Dia dengan cepat dan hati-hati mendorong jendela kayu itu hingga terbuka, hampir saja memanjat keluar…
Tiba-tiba, dia merasa seolah ada sesuatu di atas kepalanya.
Rasanya geli…
Pada saat itu, Jiang Li tidak menyadari bahwa seorang wanita tinggi berdiri di belakangnya, dengan rambut panjang terurai di atas kepalanya…
Sensasi geli yang dirasakannya sebenarnya disebabkan oleh rambut panjang wanita menyeramkan itu yang menyentuh rambutnya sendiri.
Jiang Li tidak menoleh; dia bahkan tidak menyadari ada sesuatu yang aneh.
Dia dengan santai mengulurkan tangan untuk menggaruk.
Lengannya menyentuh rambut wanita menyeramkan itu saat wanita itu lewat.

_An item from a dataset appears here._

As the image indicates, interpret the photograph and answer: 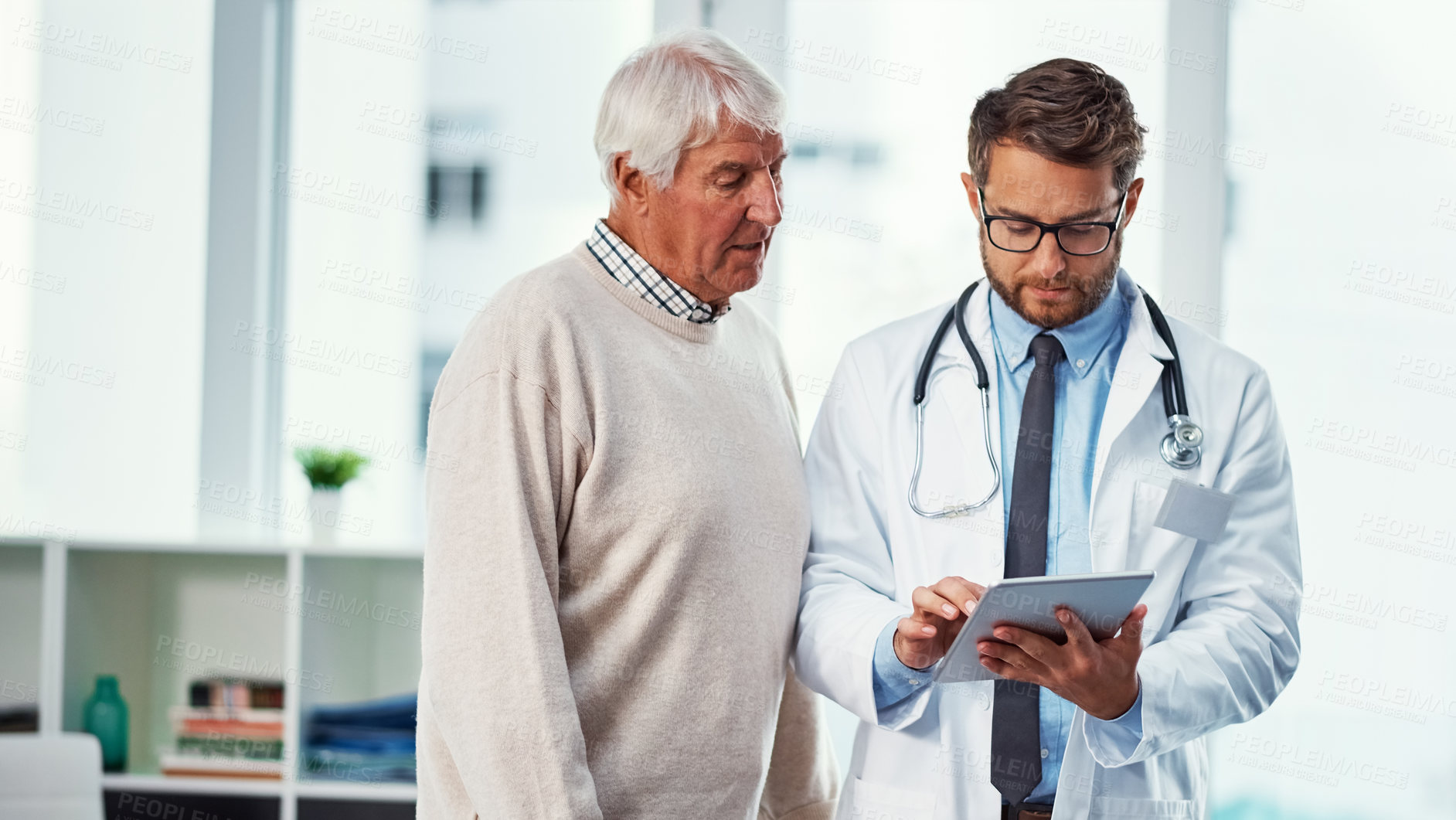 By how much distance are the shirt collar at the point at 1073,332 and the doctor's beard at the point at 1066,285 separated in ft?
0.08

Jiang Li awalnya terdiam sejenak, lalu seketika seluruh tubuhnya menegang.
Dia merasakannya…
Baru saja… dia menyentuh sesuatu seperti rambut…
Itu pasti bukan rambutnya sendiri yang ada di atas kepalanya…
Jiang Li merasakan kulit kepalanya merinding, bulu kuduknya berdiri, dan hampir secara naluriah, dia mendongak, bertatap muka dengan wanita raksasa yang menakutkan itu.
Rasa takut yang hebat menyebar dari setiap sudut tubuhnya, dengan cepat menyelimutinya.
Jiang Li berdiri dengan mulut terbuka lebar, tubuhnya lumpuh dan tidak mampu bergerak.
Namun saat itu juga, sebuah tangan tiba-tiba terulur dari jendela yang baru saja dia buka!
Tangan itu mencengkeram kerah bajunya dengan kasar dan menariknya keluar dengan ganas!
Kekuatan yang sangat besar itu menciptakan angin berdesir, dan tubuh Jiang Li seketika setengah terseret keluar, hanya kakinya yang masih tergantung di ambang jendela.
Pada saat yang sama, wanita jangkung di belakangnya, dengan rambut lebat, tiba-tiba mulai mengamuk!
Dan tali itu langsung melilit pergelangan kaki Jiang Li!
“Semangat–”
Sebuah belati tajam memancarkan kilatan dingin, dengan cepat memotong rambut itu.
Kemudian, sosok itu menyeret Jiang Li, seperti anjing mati, dengan cepat keluar melalui pintu samping kuil.